### Problem to work on
The data below contains pictures, which are to be skipped; the lines starting at the line with "C Stili Dijital" and ending at the line with "Сувенир полистоун водяной" are to be output exactly, both ends included.

### Excerpted records
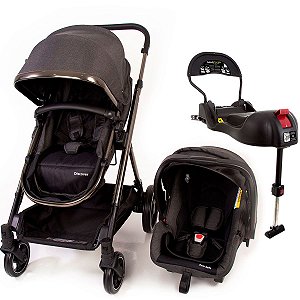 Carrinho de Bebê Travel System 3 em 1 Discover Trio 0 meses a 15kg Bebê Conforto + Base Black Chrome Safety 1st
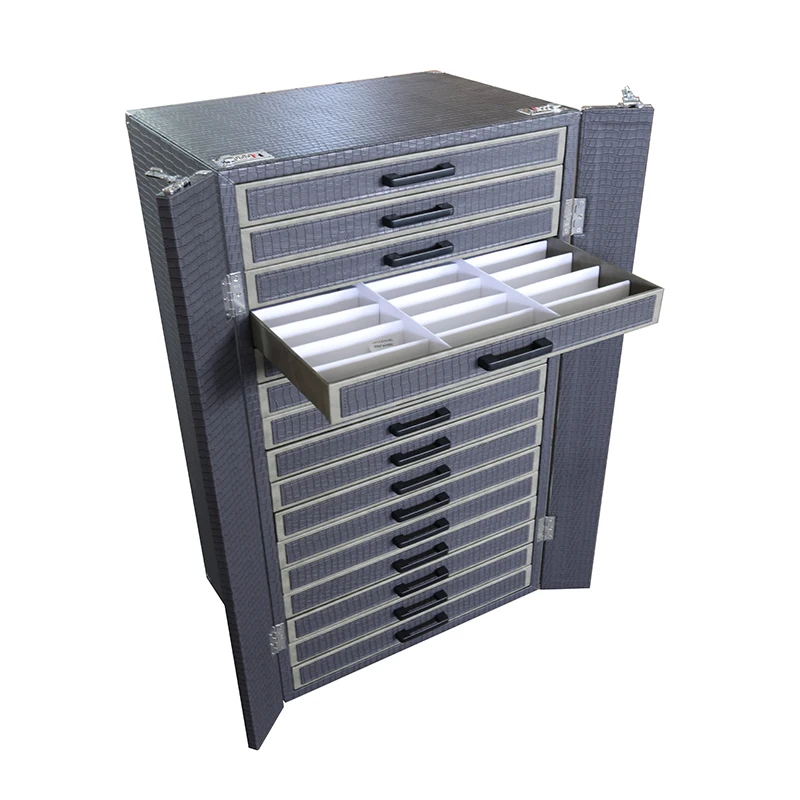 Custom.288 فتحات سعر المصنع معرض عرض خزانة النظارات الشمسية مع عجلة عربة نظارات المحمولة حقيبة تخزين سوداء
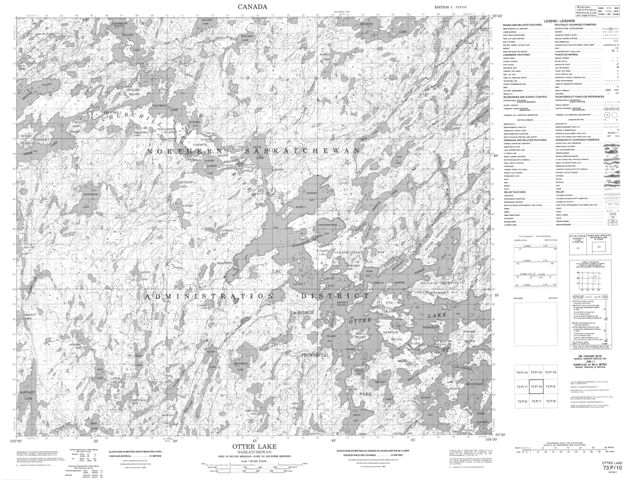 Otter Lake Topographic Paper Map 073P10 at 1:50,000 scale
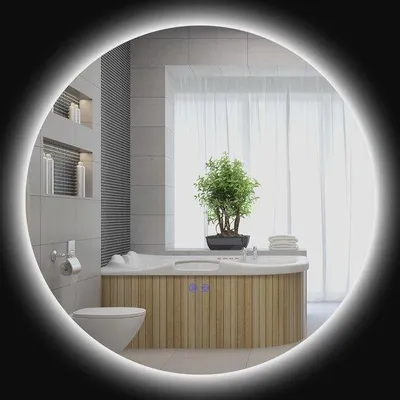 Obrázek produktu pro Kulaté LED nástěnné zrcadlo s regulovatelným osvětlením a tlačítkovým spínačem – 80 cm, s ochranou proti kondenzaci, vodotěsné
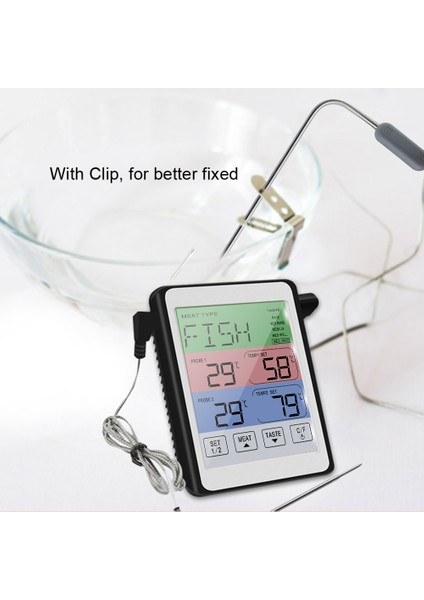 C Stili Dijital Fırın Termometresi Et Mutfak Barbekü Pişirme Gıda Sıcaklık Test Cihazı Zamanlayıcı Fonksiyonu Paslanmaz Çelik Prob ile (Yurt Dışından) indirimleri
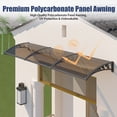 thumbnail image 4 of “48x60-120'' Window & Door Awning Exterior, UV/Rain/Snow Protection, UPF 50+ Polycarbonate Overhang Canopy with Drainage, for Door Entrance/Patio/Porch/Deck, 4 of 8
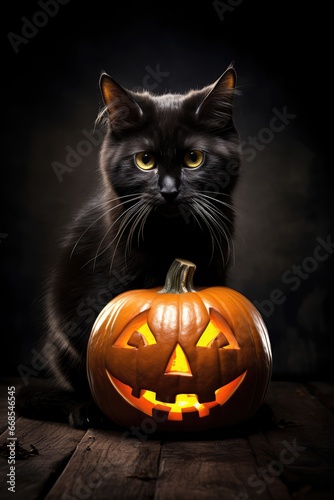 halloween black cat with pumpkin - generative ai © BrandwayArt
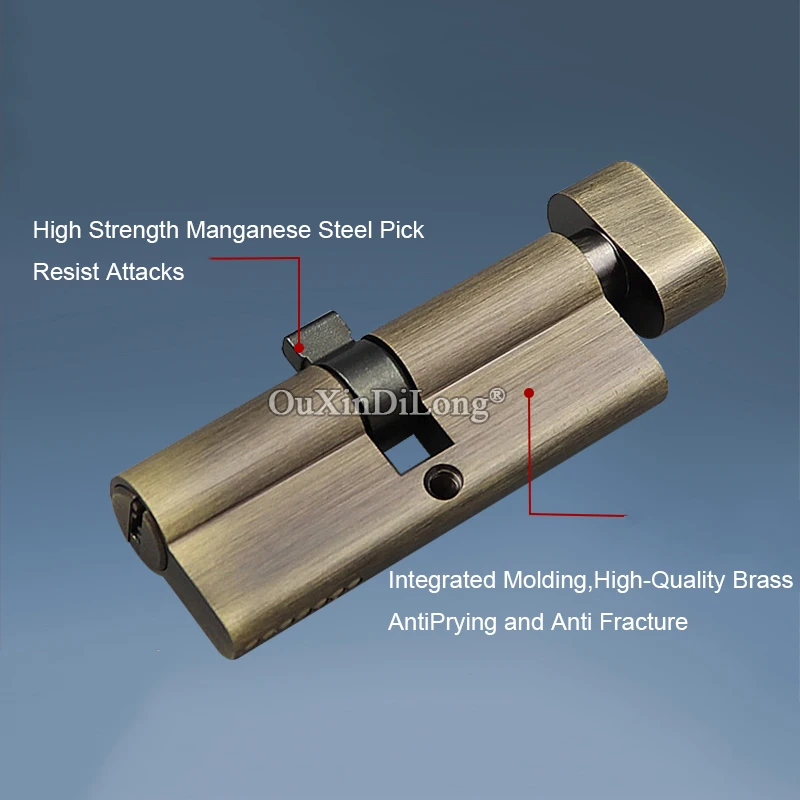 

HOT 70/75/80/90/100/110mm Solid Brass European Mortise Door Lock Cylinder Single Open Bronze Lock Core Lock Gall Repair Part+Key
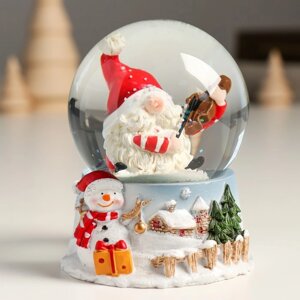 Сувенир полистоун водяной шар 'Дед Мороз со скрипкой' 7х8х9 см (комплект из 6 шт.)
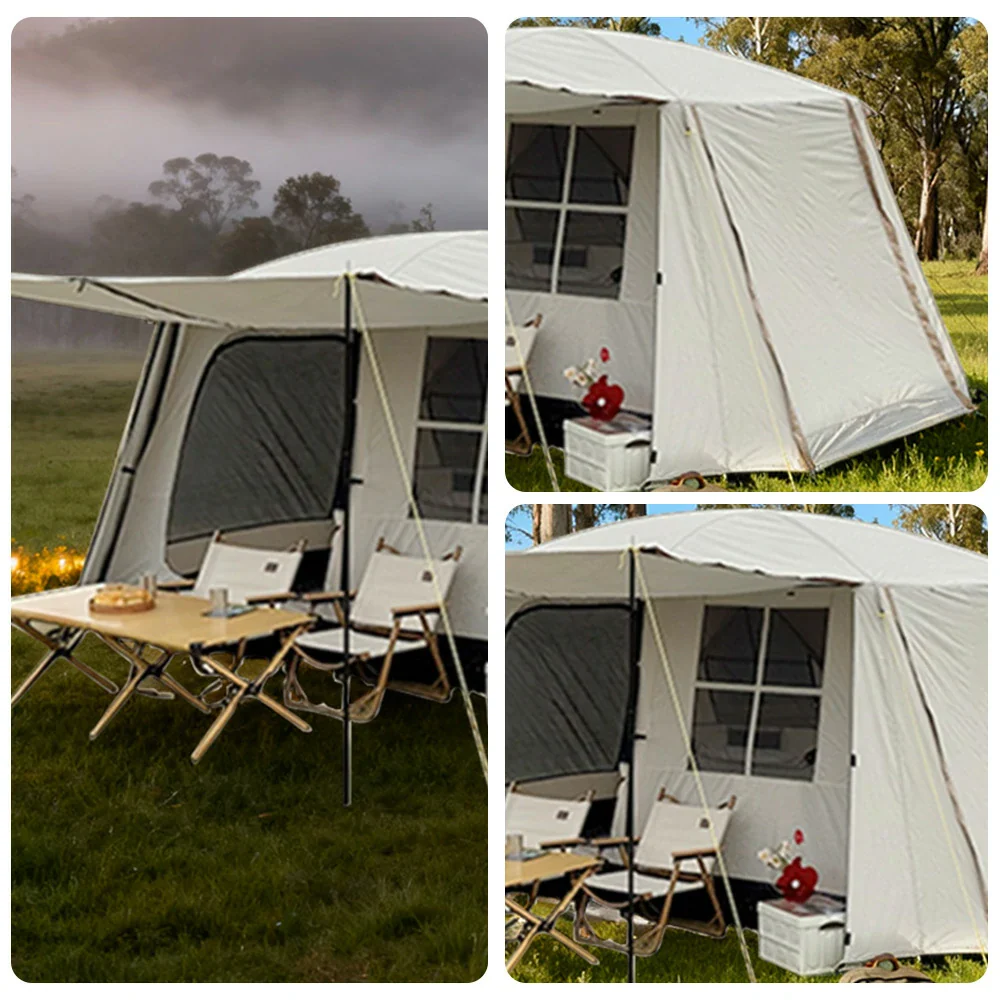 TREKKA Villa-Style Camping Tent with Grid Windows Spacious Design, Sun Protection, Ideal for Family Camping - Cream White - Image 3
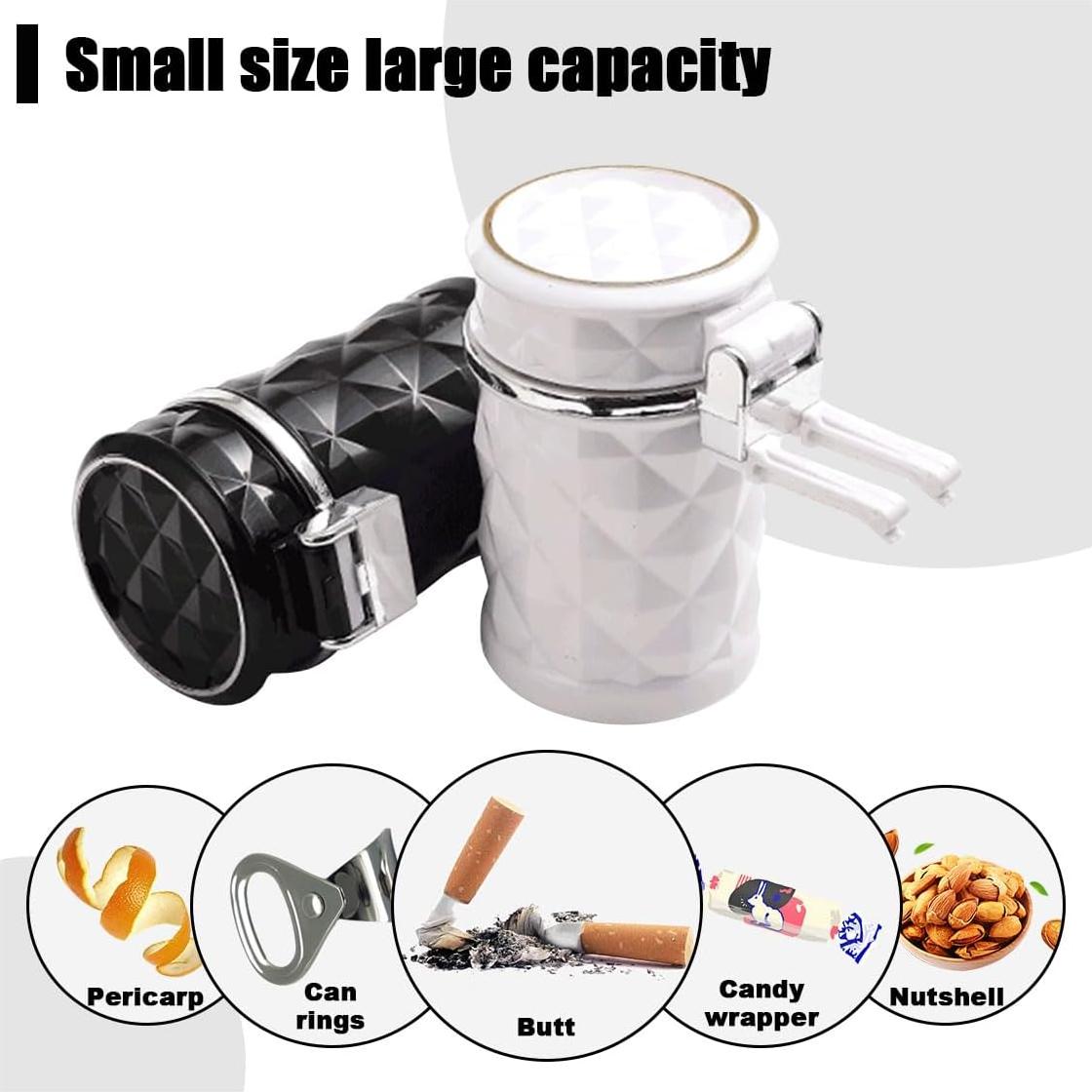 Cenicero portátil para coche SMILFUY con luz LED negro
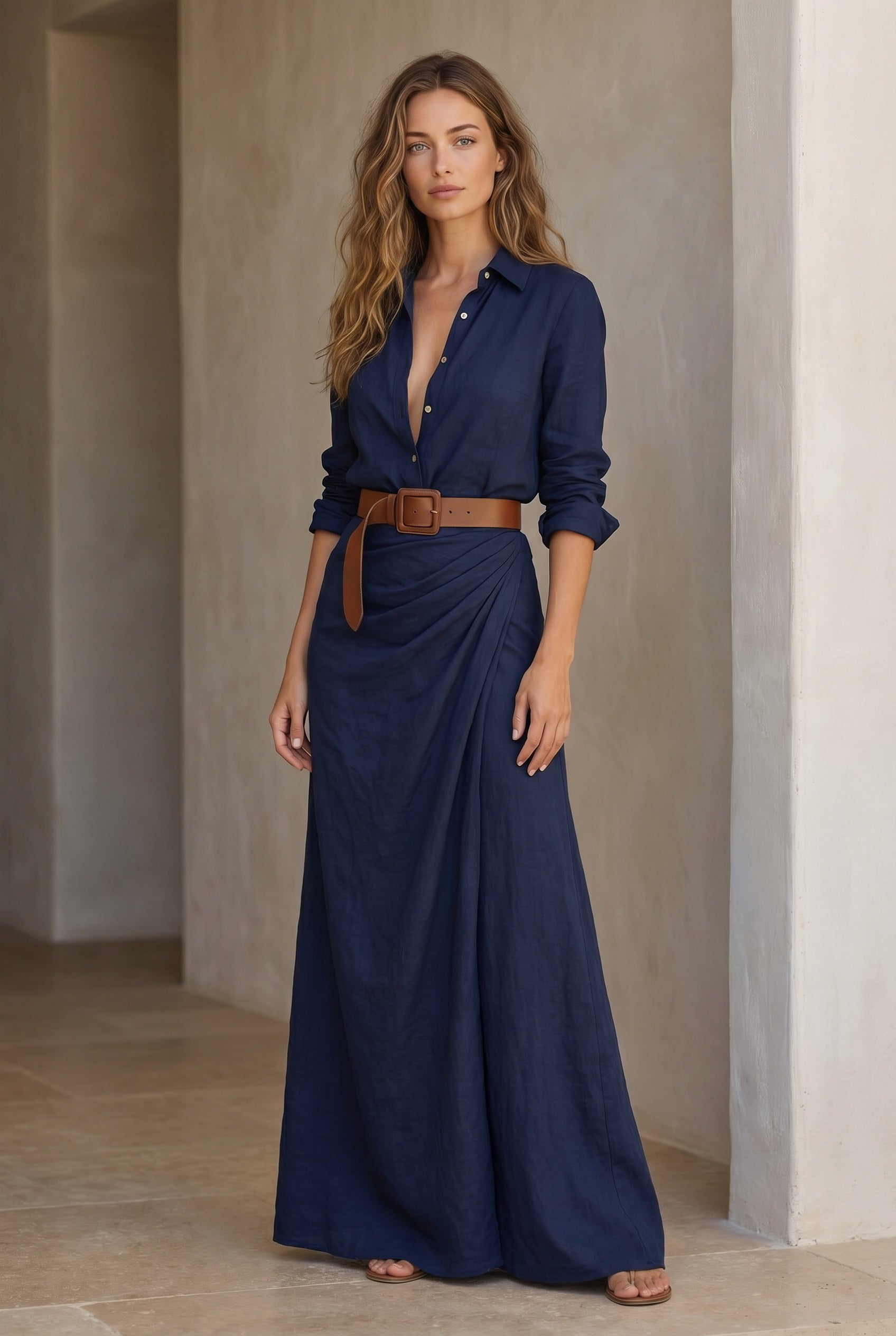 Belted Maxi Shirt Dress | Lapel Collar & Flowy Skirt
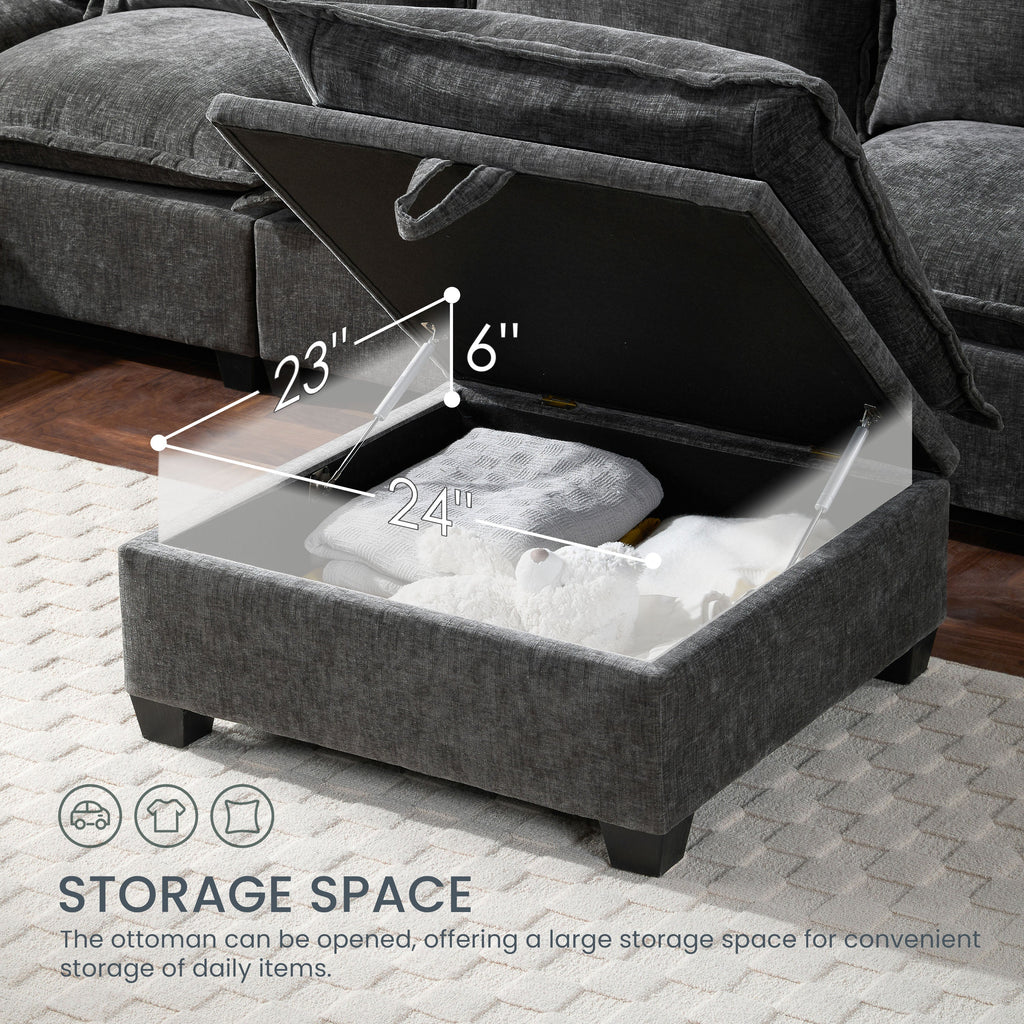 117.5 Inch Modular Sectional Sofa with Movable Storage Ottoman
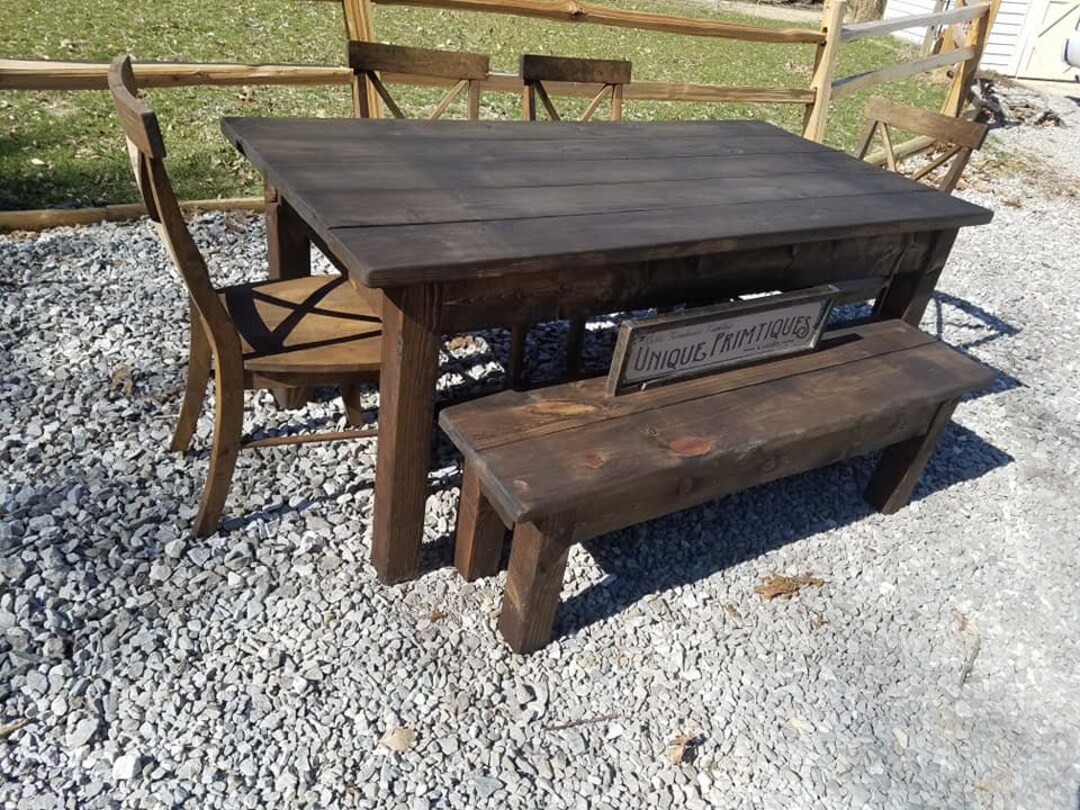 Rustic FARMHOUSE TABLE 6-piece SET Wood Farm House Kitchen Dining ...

### Output for this exercise
 C Stili Dijital Fırın Termometresi Et Mutfak Barbekü Pişirme Gıda Sıcaklık Test Cihazı Zamanlayıcı Fonksiyonu Paslanmaz Çelik Prob ile (Yurt Dışından) indirimleri
 thumbnail image 4 of “48x60-120'' Window & Door Awning Exterior, UV/Rain/Snow Protection, UPF 50+ Polycarbonate Overhang Canopy with Drainage, for Door Entrance/Patio/Porch/Deck, 4 of 8
 halloween black cat with pumpkin - generative ai © BrandwayArt

HOT 70/75/80/90/100/110mm Solid Brass European Mortise Door Lock Cylinder Single Open Bronze Lock Core Lock Gall Repair Part+Key
 Сувенир полистоун водяной шар 'Дед Мороз со скрипкой' 7х8х9 см (комплект из 6 шт.)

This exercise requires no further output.